The ATH-E70 has pretty much the same appointments as the other two models, but comes with a more supple clear cable and a set of Comply (complyfoam.com) closed-cell foam eartips in addition to the four silicone sets. Specs include 20 Hz–19 kHz frequency response, a whopping 109 dB/mW sensitivity, and a 39Ω impedance that matches well with pretty much any headphone amp out there.
When listening to the ATH-E70, you stop hearing the clean, focused, balanced presentation of the ATH-E50, and you start hearing the music and the mix, no more and no less. The soundstage is incredibly wide and airy, bass is solid and powerful, mids are tight and detailed, and the highs are sweet and clear… and when you put it all together, it equates to a listening experience that places it in company with high-end professional headphones.

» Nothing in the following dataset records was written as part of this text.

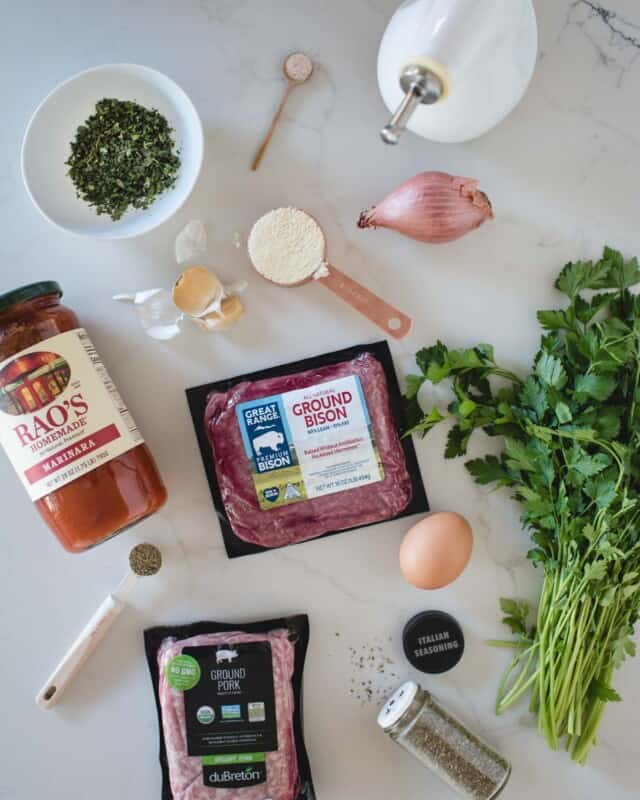 flat lay of ingredients needed to make bison meatballs on marble backdrop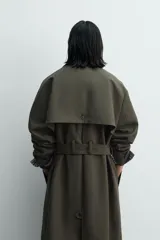 Trench de corte relajado confeccionado en tejido compacto de algodón. Presenta cuello solapa en color contraste, cierre frontal con botonadura oculta, bolsillos de vivo en la cadera y cintura ajustable con cinturón del mismo tejido. Las mangas largas cuentan con puños con trabilla y el bajo es ajustable en el centro de la espalda.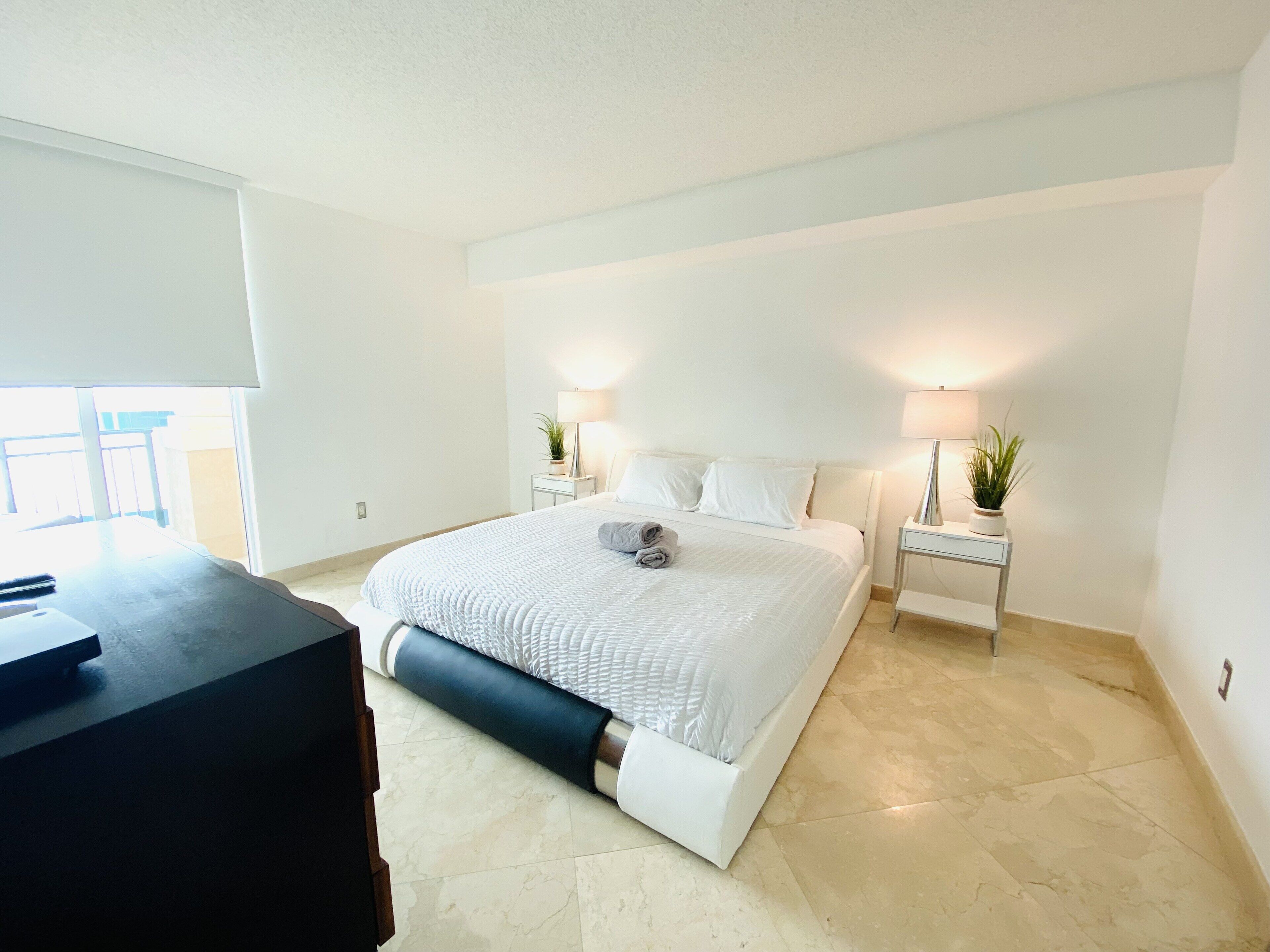 Un dormitorio moderno con una cama grande, dos mesitas de noche con lámparas, un escritorio y vistas al exterior.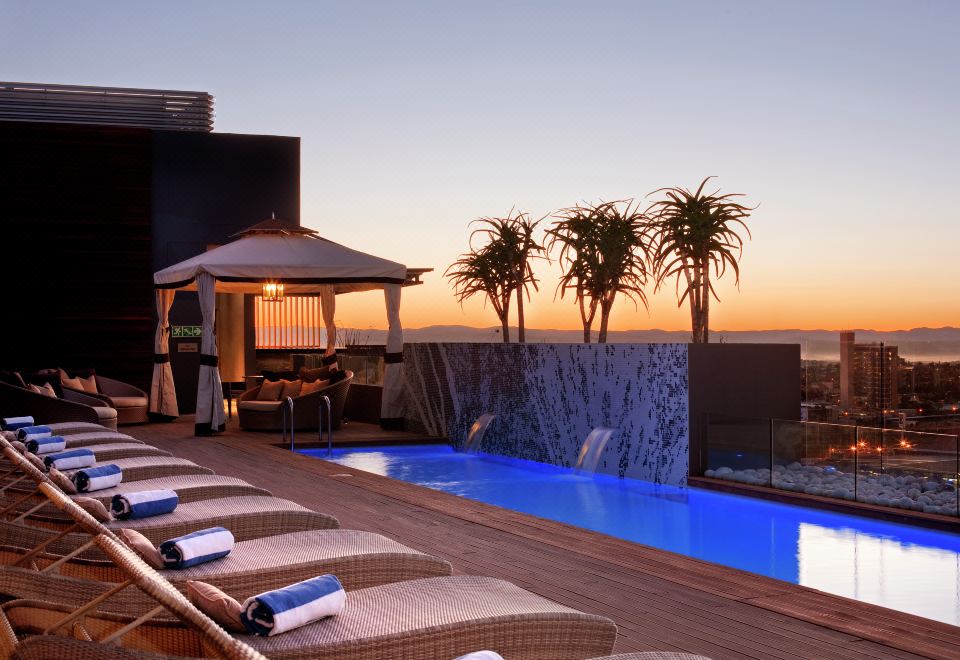 a rooftop pool with lounge chairs and palm trees , overlooking the ocean at sunset at Hilton Windhoek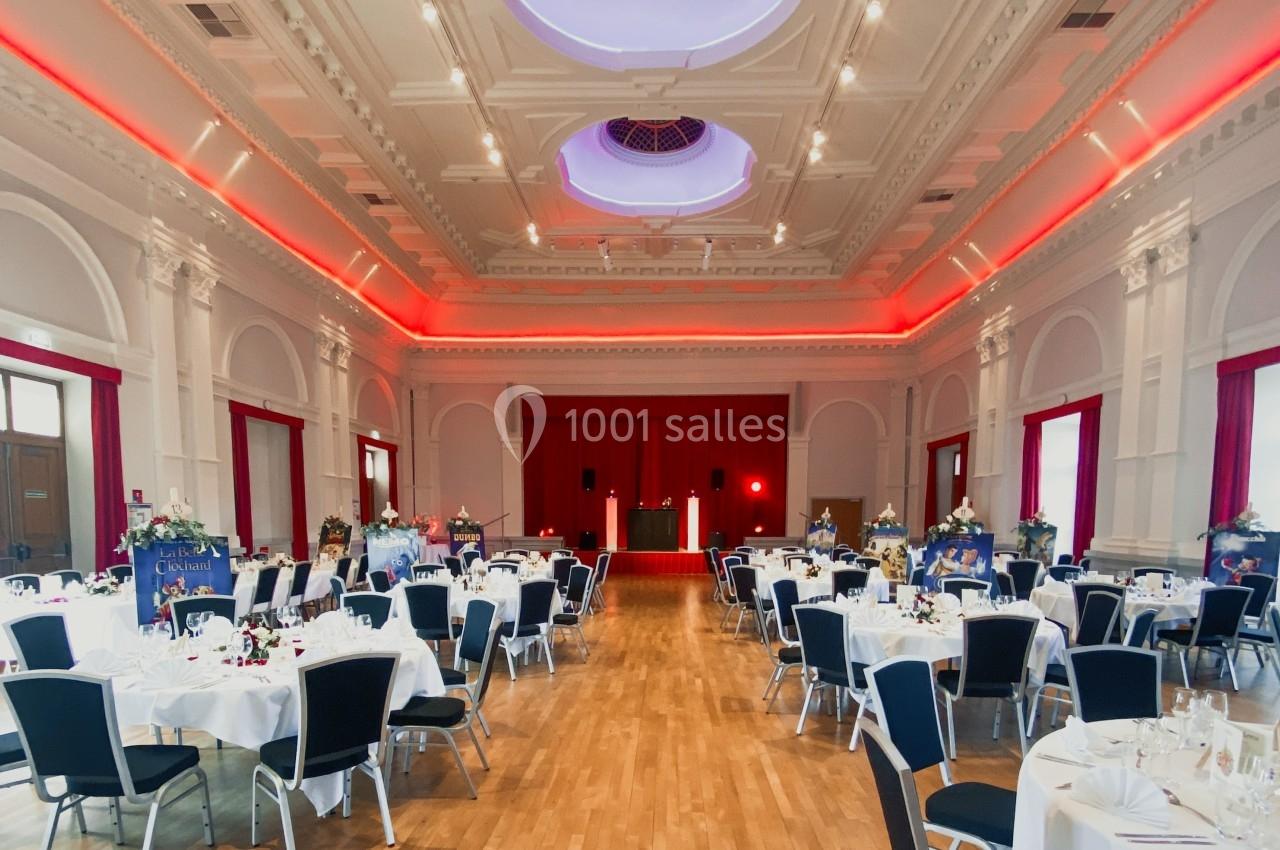 Salle de réception élégante avec tables dressées, chaises noires et rideaux rouges, éclairage tamisé au plafond.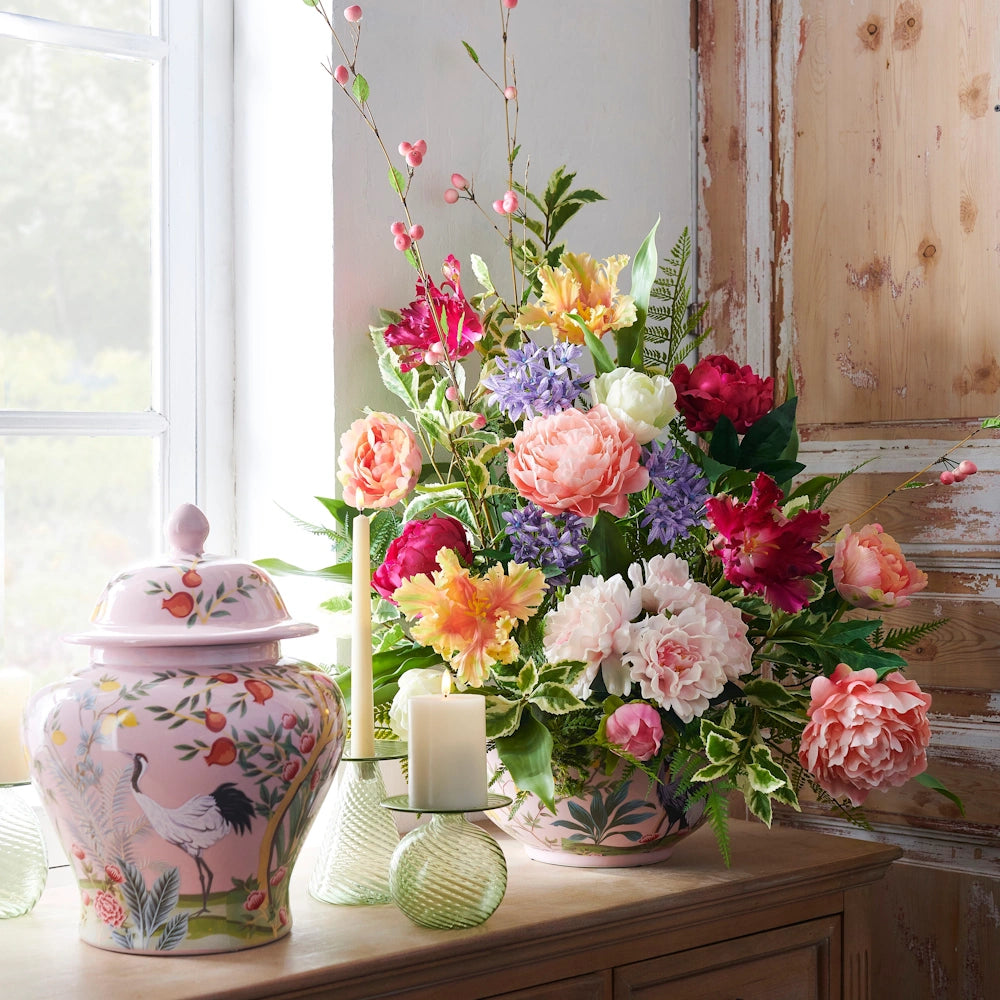 A pink floral arrangement and matching ginger jar with bird motifs sit on a wooden table next to lit candles.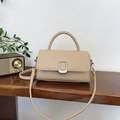 Beige woven texture crossbody bag with silver buckle and top handle on a wooden desk - Khaki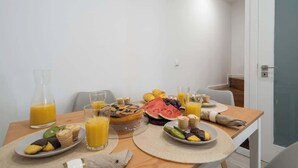 A breakfast table with various fruits, pastries, and orange juice in a modern room with white walls and a door. - Downtown Cosy House by Host Wise (Porto)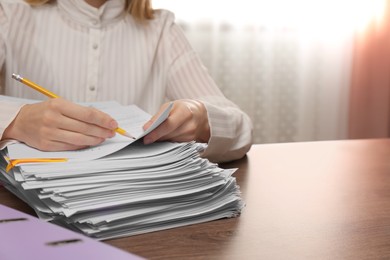 Woman signing documents at wooden table indoors, closeup. Space for text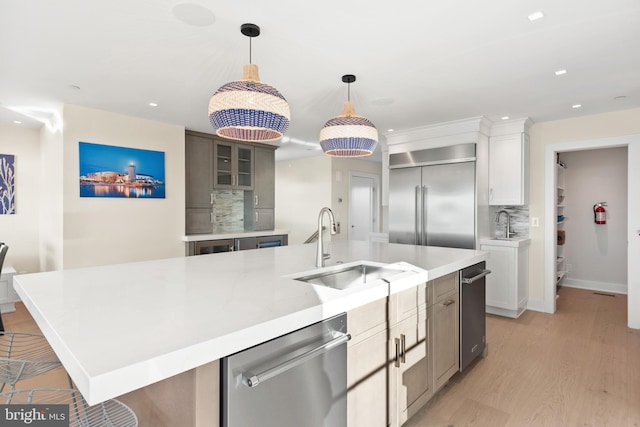 kitchen with decorative backsplash, light wood-type flooring, a large island, white cabinetry, and stainless steel appliances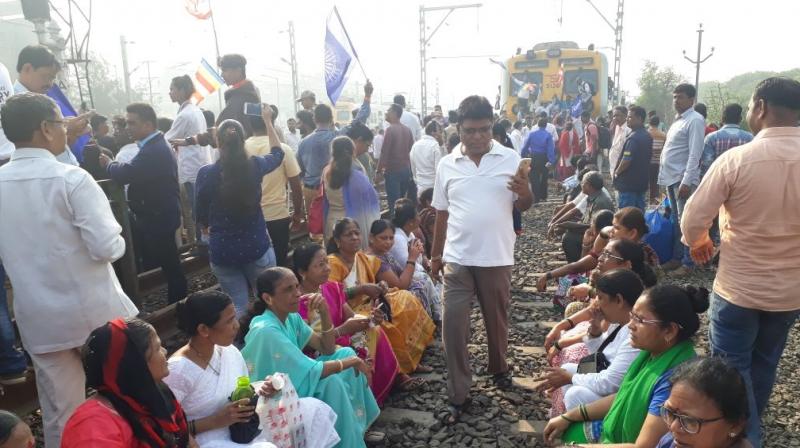 Protesters seen occupying the railway tracks at Nallasopara station, Mumbai. (Photo: ANI/Twitter)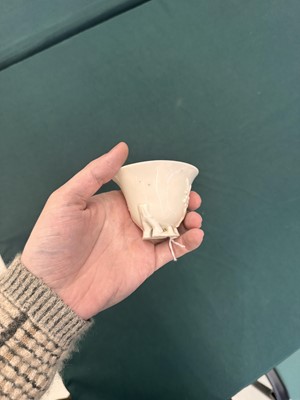 Lot 6 - A Chinese Dehua 'prunus' libation cup, Qing dynasty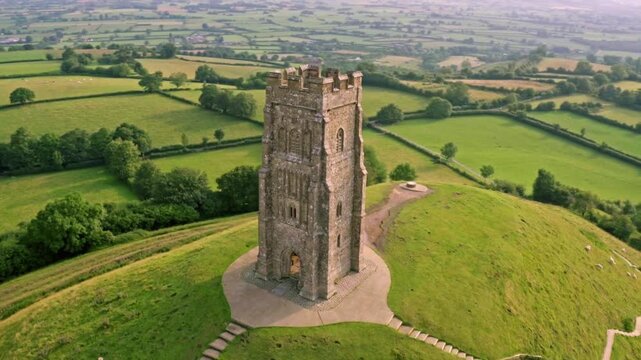 Dramatic aerial orbit of Glastonbury Tor, the ancient St Michael's Tower in Somerset, England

Let me present an example of what I mean. Part of my go-to reference library for headphone and speaker reviews is a live album by one of my favorite artists, recorded decades ago while on a fairly small-scale tour and originally only available to his fan club. On the ATH-E40, you find yourself grooving to the solid bass, the laidback and clear guitars, and the quirky and distinctive lead vocals. On the ATH-E50, you hear the entire mix snap together into a clear and exquisitely detailed whole, with every tiny nuance easy to pick out. On the ATH-E70, you hear that the recording was a board tape reinforced with a couple of audience mics and the mixing engineer did something weird with the bass’s EQ and the kick drum wasn’t tuned properly and the backing vocalists were too far off mic and… you get the idea?
Audio-Technica’s first foray into pro in-ears is a smashing success. The ATH-E40 is an unusual but very solid contender in the entry-level pro in-ear market, one that will attract a lot of attention with its unique driver design. The ATH-E50 is a studio-ready in-ear for serious mixing, delivering exceptional audio performance for its price. And the ATH-E70, well, it’s just a revelation… one of the very best in-ears I’ve heard to date. No matter which E-Series model you choose, there’s a great performer in this line that will meet your needs and then some.